▶ **TASK BRIEF**
Leave the pictures out and repeat the rest of the data below exactly.

[Items from a data source]
# # # # # # #
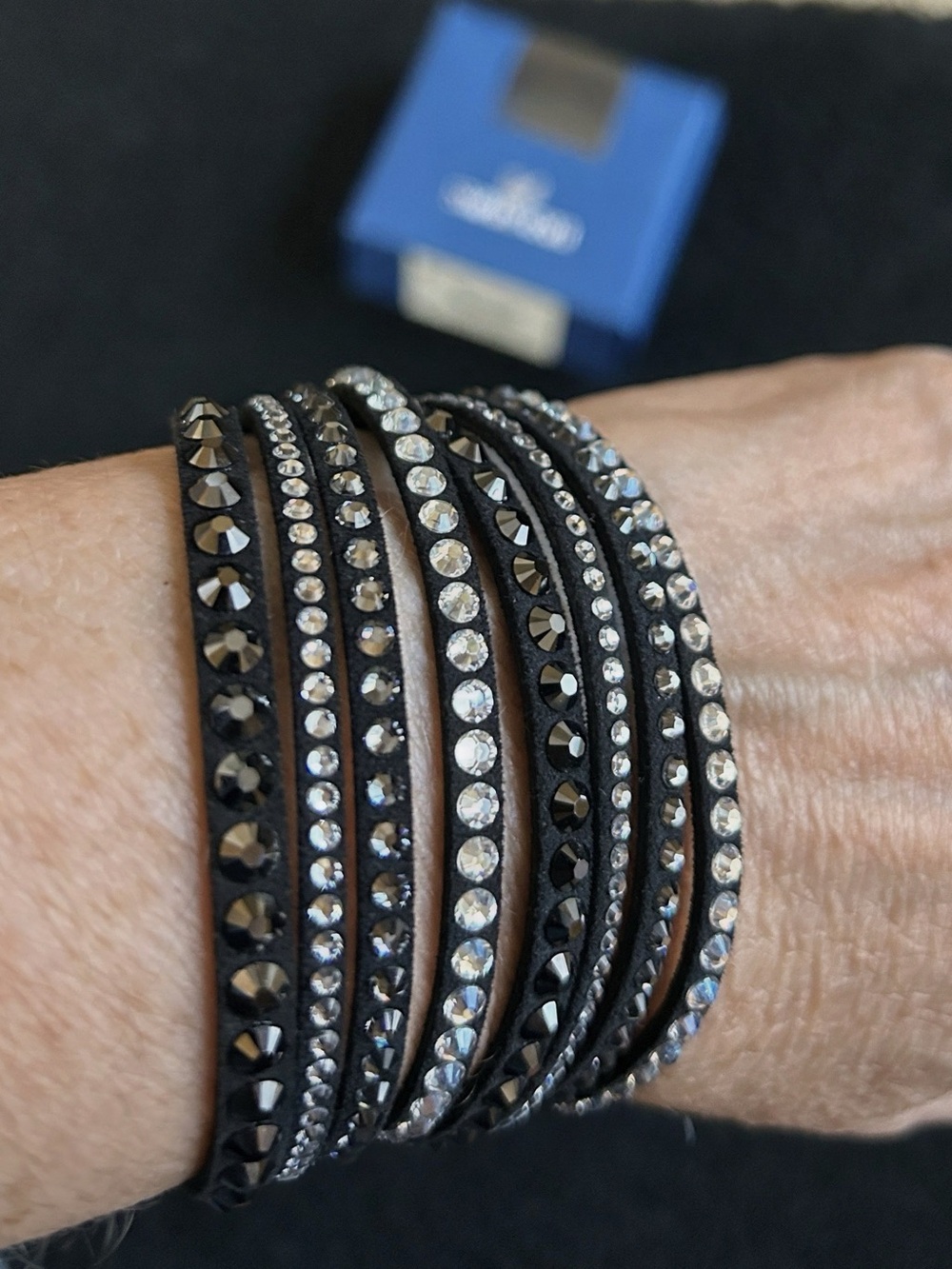 Swarovski Black and Clear Crystal Multi-Row Wrap Bracelet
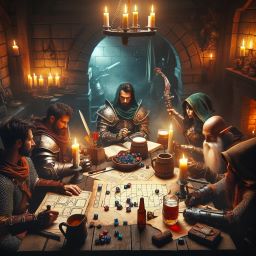 A group of heroes from a fantasy world sitting around a table in a medieval tavern, deeply engrossed in playing Dungeons and Dragons.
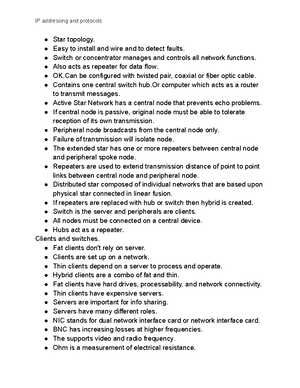 College notes 10 - Wide area networks. - IP addressing and protocols I ...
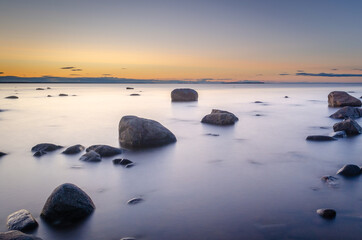 Fototapeta na wymiar sunset on the Rullsand beach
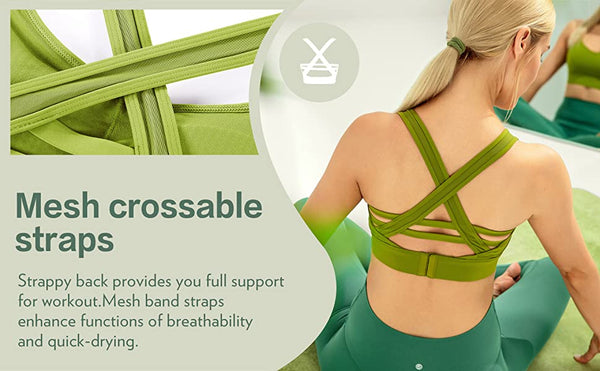 Women's Longline Strappy Yoga Bras High Impact Wirefree Padded Workout Sports Tops Activewear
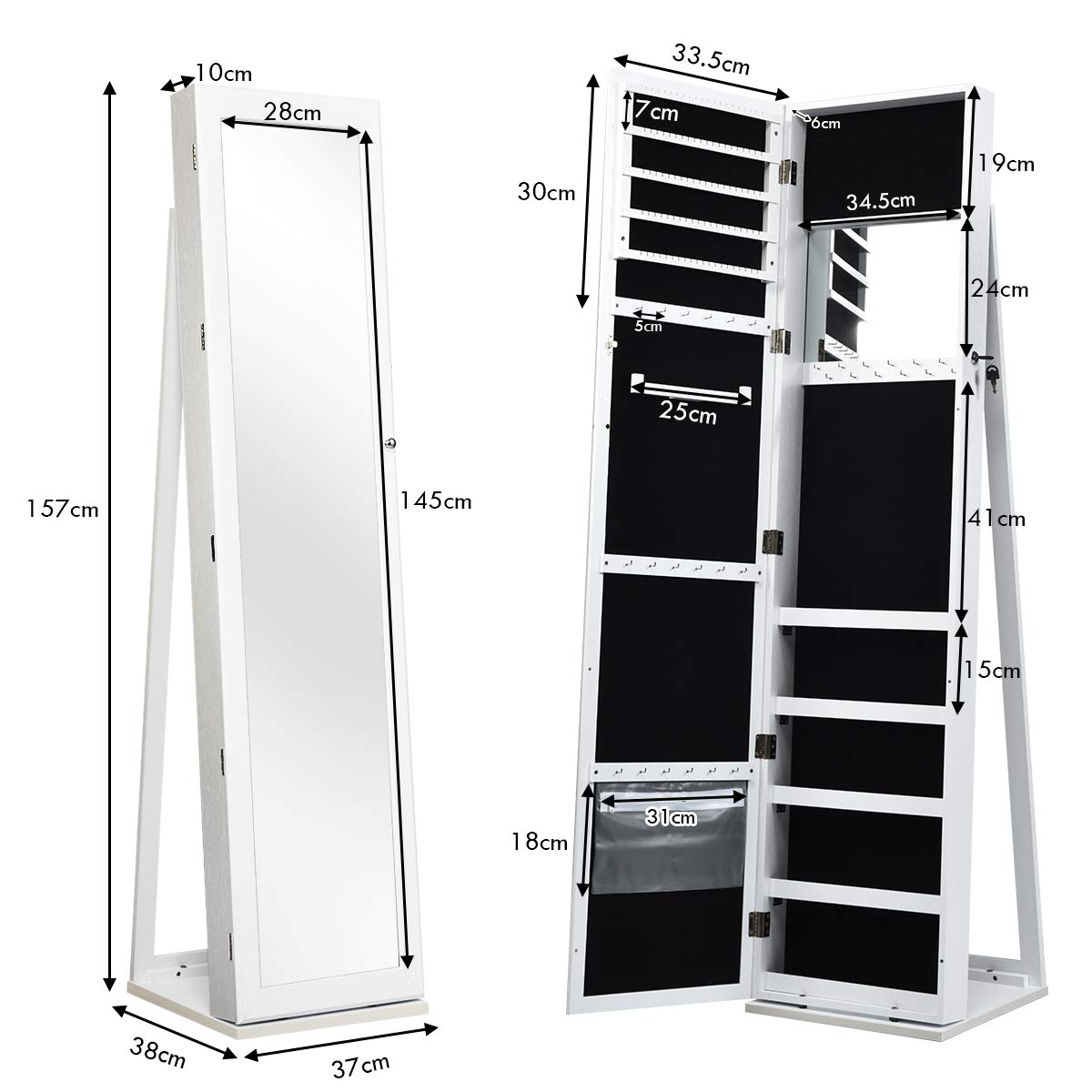 Giantex 2-in-1 Standing Jewelry Armoire w/ Higher Full Length Mirror, Lockable Jewelry Cabinet Organizer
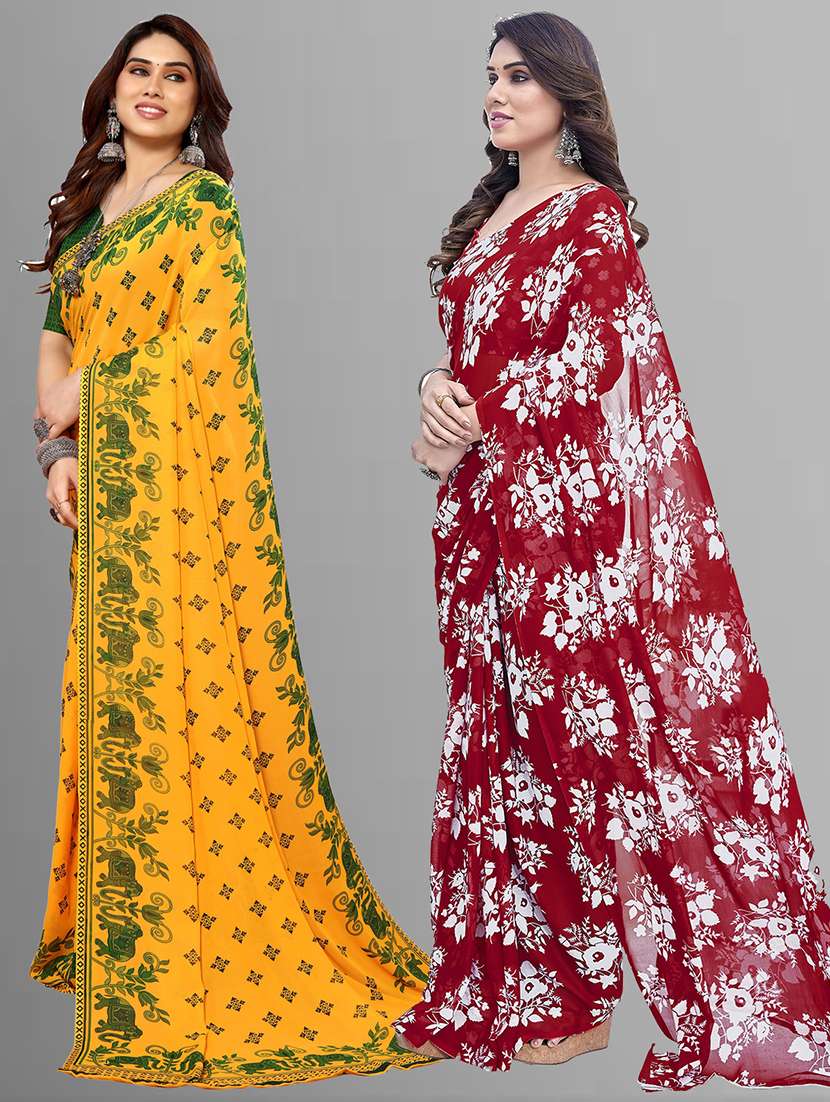 pack of 2 casual wear combo sarees with blouse - 21402786 -  Standard Image - 1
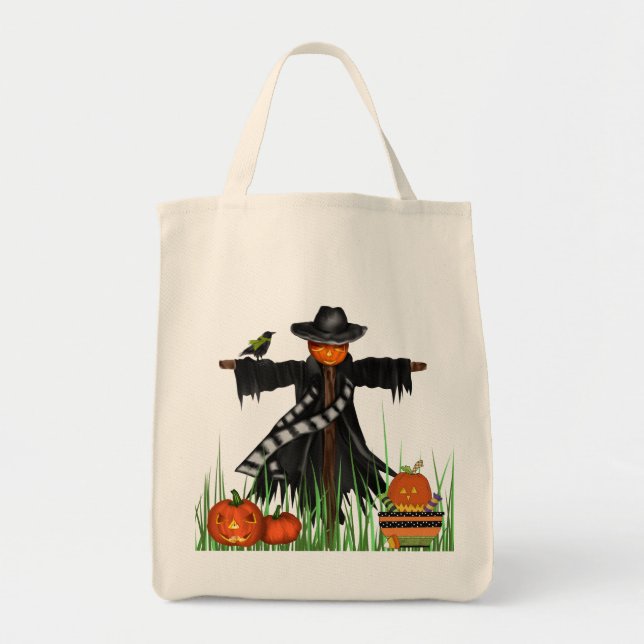 Trick or Treat Tote Bag with Pumpkins Scarecrow (Front)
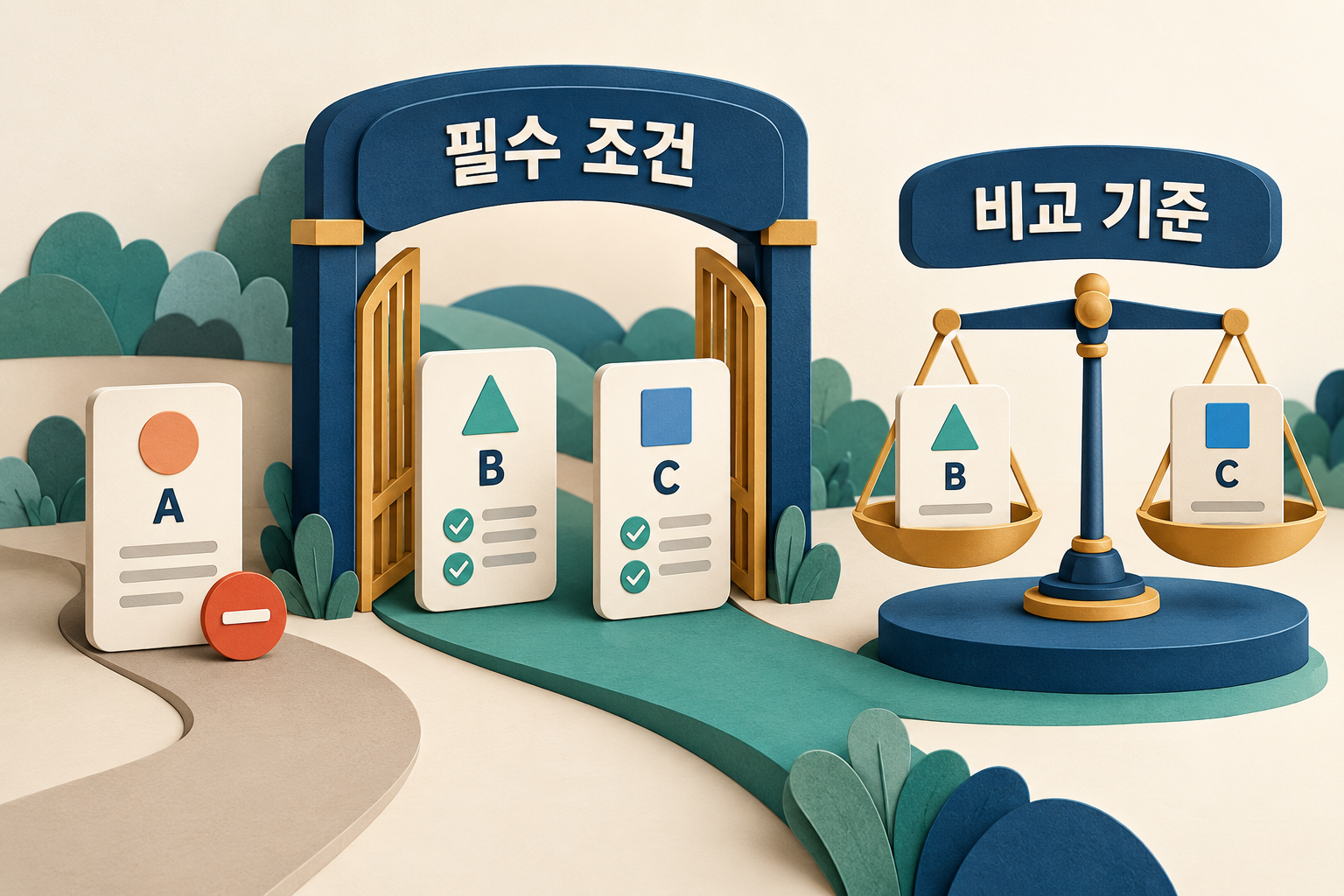 필수 조건을 통과한 후보만 비교 기준에 따라 저울로 비교하는 그림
# # # # # # #
▶ **RESPONSE BELOW**
 Swarovski Black and Clear Crystal Multi-Row Wrap Bracelet
 A group of heroes from a fantasy world sitting around a table in a medieval tavern, deeply engrossed in playing Dungeons and Dragons.
 College notes 10 - Wide area networks. - IP addressing and protocols I ...
 Fototapeta na wymiar sunset on the Rullsand beach
 Women's Longline Strappy Yoga Bras High Impact Wirefree Padded Workout Sports Tops Activewear
 Giantex 2-in-1 Standing Jewelry Armoire w/ Higher Full Length Mirror, Lockable Jewelry Cabinet Organizer
 pack of 2 casual wear combo sarees with blouse - 21402786 -  Standard Image - 1
 Trick or Treat Tote Bag with Pumpkins Scarecrow (Front)
 필수 조건을 통과한 후보만 비교 기준에 따라 저울로 비교하는 그림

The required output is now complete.